Instructions for the task: Once the line holding "Nat Geo Mag" is found in the listing below, write it out and each later line exactly, up to and including the one holding "Empty glass milk".
═══
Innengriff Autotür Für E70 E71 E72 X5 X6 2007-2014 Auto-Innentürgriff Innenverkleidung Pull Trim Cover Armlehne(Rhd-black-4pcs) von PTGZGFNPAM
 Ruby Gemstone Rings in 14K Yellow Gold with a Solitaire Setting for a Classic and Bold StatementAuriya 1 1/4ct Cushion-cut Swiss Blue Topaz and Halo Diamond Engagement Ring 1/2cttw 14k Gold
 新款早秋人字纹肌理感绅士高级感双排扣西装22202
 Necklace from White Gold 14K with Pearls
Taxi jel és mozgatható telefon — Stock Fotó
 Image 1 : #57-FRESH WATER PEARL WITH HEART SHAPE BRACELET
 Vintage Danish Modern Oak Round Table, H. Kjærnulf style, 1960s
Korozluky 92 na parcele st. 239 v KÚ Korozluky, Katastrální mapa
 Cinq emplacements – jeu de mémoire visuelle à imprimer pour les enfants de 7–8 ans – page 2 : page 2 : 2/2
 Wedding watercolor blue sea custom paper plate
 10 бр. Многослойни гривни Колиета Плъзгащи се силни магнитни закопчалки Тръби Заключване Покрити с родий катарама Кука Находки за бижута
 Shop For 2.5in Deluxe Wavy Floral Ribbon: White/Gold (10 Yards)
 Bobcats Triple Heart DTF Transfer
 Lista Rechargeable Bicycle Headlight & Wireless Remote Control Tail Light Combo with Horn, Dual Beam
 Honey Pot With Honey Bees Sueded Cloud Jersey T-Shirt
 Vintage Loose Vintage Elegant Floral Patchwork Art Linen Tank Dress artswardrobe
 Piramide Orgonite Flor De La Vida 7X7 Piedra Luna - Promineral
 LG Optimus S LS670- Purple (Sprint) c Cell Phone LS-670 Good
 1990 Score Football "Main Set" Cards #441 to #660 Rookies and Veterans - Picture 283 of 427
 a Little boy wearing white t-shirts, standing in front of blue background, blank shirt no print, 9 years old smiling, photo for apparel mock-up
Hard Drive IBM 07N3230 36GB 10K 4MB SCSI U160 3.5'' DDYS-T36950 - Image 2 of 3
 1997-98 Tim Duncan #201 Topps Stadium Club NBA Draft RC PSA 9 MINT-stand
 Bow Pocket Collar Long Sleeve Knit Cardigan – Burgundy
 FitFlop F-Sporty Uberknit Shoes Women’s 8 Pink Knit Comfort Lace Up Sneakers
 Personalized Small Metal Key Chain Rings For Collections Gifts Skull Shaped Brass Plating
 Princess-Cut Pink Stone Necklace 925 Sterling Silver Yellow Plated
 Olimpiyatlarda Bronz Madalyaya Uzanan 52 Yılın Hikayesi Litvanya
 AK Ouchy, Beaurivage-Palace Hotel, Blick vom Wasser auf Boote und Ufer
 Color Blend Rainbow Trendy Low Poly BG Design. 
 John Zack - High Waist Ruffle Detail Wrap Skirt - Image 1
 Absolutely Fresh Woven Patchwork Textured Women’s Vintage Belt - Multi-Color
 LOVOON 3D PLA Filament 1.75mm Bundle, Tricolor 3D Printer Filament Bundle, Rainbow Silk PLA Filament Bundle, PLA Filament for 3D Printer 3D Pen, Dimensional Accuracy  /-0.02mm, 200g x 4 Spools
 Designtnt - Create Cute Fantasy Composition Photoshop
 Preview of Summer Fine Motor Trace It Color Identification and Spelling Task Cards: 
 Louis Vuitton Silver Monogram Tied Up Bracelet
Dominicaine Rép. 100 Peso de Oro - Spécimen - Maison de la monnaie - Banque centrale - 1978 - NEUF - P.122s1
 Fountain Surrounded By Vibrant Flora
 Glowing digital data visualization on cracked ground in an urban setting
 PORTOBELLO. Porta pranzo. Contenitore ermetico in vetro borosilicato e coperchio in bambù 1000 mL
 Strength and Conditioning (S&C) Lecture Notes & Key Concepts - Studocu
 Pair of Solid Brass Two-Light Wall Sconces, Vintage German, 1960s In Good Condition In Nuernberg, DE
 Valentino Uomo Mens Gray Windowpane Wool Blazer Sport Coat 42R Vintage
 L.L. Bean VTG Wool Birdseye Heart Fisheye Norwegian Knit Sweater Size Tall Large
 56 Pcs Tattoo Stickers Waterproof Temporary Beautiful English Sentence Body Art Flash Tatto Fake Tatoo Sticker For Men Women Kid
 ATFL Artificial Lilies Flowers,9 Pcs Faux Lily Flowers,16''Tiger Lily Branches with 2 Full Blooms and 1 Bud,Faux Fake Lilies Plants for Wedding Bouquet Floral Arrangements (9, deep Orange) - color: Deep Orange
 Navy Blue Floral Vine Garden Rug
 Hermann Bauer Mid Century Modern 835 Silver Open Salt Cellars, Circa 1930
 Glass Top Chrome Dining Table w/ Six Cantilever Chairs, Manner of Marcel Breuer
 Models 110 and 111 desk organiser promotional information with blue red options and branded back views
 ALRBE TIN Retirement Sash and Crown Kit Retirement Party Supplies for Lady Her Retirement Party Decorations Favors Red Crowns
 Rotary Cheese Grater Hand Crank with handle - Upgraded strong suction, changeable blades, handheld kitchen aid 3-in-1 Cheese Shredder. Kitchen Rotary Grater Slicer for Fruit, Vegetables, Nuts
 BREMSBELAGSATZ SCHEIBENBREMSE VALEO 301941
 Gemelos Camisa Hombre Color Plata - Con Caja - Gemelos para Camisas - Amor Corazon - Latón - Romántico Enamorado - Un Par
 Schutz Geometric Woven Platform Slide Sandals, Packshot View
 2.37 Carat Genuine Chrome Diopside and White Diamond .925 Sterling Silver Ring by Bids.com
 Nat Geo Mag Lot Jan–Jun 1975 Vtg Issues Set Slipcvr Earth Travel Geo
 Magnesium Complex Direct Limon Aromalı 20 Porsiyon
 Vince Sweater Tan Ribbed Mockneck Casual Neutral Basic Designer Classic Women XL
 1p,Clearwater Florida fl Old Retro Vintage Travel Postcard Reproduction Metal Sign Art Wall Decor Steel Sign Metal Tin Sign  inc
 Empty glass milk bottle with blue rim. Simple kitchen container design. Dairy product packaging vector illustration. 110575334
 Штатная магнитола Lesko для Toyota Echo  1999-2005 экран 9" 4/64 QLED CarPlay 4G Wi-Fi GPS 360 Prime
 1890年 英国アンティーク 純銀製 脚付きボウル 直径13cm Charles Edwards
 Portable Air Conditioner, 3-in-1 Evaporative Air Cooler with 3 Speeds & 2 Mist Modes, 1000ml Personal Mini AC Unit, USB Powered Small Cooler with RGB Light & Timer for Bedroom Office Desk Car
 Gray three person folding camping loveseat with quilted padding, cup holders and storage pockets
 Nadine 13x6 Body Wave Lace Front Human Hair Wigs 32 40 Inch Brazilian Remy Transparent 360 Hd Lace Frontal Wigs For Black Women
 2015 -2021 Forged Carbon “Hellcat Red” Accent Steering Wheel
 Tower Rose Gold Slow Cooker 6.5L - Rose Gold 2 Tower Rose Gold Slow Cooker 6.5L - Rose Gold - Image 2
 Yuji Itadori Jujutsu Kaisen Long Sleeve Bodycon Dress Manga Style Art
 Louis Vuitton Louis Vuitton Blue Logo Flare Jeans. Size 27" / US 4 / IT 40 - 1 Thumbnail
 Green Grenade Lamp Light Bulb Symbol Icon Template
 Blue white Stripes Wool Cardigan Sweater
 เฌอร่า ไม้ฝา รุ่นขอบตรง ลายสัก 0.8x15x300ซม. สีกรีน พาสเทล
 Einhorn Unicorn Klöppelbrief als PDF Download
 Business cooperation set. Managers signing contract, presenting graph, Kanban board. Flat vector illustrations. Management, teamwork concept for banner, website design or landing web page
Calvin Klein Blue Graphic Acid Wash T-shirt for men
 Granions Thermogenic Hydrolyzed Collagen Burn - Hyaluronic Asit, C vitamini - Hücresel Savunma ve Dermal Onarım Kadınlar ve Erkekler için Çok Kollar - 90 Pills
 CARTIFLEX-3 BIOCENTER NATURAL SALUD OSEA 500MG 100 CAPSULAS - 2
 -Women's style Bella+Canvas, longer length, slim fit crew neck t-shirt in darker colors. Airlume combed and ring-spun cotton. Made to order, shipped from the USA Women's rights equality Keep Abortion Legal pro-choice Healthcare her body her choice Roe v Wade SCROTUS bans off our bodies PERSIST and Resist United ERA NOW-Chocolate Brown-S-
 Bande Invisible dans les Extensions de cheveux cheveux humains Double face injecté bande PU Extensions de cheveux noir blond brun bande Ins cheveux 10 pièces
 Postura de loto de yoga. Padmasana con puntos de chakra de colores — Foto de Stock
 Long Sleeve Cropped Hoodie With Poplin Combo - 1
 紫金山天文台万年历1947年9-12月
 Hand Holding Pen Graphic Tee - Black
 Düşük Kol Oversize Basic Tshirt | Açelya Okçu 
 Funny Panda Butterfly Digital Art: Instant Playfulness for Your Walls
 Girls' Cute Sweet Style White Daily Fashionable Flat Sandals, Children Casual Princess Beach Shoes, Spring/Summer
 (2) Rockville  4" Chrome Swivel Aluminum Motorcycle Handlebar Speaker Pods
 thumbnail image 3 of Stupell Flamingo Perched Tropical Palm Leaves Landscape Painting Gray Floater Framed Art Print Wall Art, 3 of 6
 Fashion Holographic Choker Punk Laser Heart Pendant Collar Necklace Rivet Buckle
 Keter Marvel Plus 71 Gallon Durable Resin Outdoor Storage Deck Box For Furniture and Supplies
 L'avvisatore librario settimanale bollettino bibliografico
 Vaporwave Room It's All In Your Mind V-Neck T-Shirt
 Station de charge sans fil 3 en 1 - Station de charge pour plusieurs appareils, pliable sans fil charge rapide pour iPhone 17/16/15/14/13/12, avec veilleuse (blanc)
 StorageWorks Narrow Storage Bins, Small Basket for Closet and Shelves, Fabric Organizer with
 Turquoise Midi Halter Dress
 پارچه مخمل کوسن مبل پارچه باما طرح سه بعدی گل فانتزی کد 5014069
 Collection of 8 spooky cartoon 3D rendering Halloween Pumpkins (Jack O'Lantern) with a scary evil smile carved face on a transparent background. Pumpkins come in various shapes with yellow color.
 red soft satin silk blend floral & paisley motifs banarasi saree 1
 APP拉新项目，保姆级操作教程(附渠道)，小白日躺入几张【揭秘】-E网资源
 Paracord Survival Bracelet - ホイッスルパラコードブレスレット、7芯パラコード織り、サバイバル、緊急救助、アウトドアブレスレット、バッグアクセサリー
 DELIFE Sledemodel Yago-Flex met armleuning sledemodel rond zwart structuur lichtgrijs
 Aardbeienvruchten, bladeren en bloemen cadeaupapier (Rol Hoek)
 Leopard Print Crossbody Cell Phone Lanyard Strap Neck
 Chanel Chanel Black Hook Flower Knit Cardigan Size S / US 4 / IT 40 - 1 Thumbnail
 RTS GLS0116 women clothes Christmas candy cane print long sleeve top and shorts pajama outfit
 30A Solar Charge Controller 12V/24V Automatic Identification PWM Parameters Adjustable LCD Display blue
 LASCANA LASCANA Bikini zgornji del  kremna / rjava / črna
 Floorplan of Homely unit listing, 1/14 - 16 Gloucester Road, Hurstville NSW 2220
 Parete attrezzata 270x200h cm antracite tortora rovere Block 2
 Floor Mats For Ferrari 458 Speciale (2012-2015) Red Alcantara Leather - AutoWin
═══
Task solution:
 Nat Geo Mag Lot Jan–Jun 1975 Vtg Issues Set Slipcvr Earth Travel Geo
 Magnesium Complex Direct Limon Aromalı 20 Porsiyon
 Vince Sweater Tan Ribbed Mockneck Casual Neutral Basic Designer Classic Women XL
 1p,Clearwater Florida fl Old Retro Vintage Travel Postcard Reproduction Metal Sign Art Wall Decor Steel Sign Metal Tin Sign  inc
 Empty glass milk bottle with blue rim. Simple kitchen container design. Dairy product packaging vector illustration. 110575334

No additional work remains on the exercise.